Crawled caption data
- Opening Delimiter -

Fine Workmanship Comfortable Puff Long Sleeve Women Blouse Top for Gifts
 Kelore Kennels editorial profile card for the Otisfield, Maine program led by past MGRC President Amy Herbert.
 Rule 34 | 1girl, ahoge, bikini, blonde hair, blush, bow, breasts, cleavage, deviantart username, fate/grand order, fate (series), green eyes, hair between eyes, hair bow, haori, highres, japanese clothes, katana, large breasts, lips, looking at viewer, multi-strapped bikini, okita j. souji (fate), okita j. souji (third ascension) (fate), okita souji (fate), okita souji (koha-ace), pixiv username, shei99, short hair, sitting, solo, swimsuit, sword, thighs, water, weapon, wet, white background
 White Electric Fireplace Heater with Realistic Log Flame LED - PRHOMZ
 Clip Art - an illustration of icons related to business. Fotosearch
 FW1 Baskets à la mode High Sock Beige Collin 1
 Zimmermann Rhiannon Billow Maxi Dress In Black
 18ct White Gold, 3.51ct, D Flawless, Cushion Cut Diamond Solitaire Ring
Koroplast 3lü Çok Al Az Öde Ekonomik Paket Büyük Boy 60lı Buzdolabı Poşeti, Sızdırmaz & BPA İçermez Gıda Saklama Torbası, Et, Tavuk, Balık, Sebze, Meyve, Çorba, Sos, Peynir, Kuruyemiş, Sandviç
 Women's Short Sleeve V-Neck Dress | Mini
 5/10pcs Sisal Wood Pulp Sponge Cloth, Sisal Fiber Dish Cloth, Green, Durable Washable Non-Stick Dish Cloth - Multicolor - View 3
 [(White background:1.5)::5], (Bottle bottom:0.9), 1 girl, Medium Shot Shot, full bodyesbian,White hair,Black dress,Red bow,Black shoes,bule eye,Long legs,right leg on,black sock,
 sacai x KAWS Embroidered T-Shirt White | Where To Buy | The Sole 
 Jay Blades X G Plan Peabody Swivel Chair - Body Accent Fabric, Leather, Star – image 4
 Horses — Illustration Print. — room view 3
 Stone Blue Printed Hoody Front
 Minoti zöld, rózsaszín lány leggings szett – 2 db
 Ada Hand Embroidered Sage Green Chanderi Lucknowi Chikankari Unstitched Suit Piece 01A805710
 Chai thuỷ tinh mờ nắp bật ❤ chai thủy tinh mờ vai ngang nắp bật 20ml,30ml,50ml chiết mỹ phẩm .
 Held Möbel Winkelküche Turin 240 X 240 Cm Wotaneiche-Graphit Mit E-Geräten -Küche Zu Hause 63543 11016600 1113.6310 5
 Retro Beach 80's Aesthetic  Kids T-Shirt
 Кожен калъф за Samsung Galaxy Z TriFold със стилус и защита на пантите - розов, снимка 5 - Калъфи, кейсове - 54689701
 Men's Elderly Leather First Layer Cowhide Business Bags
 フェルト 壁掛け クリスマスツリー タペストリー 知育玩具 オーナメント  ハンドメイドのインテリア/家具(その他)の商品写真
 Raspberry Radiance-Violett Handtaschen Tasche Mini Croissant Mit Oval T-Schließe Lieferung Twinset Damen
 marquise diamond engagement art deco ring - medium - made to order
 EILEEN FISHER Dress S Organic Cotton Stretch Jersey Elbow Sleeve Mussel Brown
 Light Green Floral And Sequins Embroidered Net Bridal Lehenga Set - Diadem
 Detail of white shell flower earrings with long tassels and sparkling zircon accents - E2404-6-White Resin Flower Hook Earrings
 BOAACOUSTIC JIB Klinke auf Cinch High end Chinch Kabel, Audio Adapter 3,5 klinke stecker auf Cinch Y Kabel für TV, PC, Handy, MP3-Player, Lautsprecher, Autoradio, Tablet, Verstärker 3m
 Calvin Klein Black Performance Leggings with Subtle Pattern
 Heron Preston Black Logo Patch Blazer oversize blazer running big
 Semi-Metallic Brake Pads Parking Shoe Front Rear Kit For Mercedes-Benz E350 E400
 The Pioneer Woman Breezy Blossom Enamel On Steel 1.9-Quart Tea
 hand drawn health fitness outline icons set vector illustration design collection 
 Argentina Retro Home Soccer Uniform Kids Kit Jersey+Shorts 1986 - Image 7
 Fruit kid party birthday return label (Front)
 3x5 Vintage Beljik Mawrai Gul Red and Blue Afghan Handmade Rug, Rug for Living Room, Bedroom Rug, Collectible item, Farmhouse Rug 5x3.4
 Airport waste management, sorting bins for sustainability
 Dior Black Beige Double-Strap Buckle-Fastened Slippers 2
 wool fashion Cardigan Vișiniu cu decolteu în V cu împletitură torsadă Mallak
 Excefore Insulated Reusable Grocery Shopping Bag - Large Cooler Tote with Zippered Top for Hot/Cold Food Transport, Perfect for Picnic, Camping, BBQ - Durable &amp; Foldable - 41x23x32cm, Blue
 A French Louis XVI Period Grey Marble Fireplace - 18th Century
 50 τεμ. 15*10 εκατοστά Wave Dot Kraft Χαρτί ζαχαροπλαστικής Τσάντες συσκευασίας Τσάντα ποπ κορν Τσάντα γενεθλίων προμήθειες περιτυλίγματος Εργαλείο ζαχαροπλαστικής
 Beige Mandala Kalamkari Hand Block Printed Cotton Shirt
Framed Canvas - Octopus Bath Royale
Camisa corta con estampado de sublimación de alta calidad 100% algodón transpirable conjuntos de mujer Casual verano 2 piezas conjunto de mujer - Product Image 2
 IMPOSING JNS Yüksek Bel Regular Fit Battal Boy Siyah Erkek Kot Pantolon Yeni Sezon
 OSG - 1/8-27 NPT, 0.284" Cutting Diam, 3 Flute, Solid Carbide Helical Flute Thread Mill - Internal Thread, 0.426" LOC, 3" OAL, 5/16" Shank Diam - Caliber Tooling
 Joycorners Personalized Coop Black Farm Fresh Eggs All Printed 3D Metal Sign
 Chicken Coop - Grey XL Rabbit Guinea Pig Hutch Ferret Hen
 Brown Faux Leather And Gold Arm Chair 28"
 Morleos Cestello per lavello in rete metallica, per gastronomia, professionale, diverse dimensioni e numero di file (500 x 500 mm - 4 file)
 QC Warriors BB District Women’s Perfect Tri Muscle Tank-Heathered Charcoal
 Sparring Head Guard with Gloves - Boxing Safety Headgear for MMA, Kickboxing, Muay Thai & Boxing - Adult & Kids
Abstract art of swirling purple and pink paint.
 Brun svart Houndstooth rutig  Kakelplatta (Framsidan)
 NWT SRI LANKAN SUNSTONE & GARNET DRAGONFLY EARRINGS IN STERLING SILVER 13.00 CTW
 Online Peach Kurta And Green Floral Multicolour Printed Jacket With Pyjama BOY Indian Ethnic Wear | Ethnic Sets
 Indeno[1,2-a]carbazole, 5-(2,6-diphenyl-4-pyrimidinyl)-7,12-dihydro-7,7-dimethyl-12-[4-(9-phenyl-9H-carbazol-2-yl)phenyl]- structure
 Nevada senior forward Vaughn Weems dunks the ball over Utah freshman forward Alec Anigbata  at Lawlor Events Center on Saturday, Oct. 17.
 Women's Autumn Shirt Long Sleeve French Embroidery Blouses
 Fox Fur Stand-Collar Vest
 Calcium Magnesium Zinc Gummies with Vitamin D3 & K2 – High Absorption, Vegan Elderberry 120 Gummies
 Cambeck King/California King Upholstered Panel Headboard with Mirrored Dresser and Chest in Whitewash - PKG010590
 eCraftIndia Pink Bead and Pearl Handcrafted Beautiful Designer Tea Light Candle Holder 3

- Closing Delimiter -

The response must hold only the lines above from the line with "50 τεμ. 15*10" through the line with "Framed Canvas - Octopus Bath Royale", each copied exactly, both ends kept.

 50 τεμ. 15*10 εκατοστά Wave Dot Kraft Χαρτί ζαχαροπλαστικής Τσάντες συσκευασίας Τσάντα ποπ κορν Τσάντα γενεθλίων προμήθειες περιτυλίγματος Εργαλείο ζαχαροπλαστικής
 Beige Mandala Kalamkari Hand Block Printed Cotton Shirt
Framed Canvas - Octopus Bath Royale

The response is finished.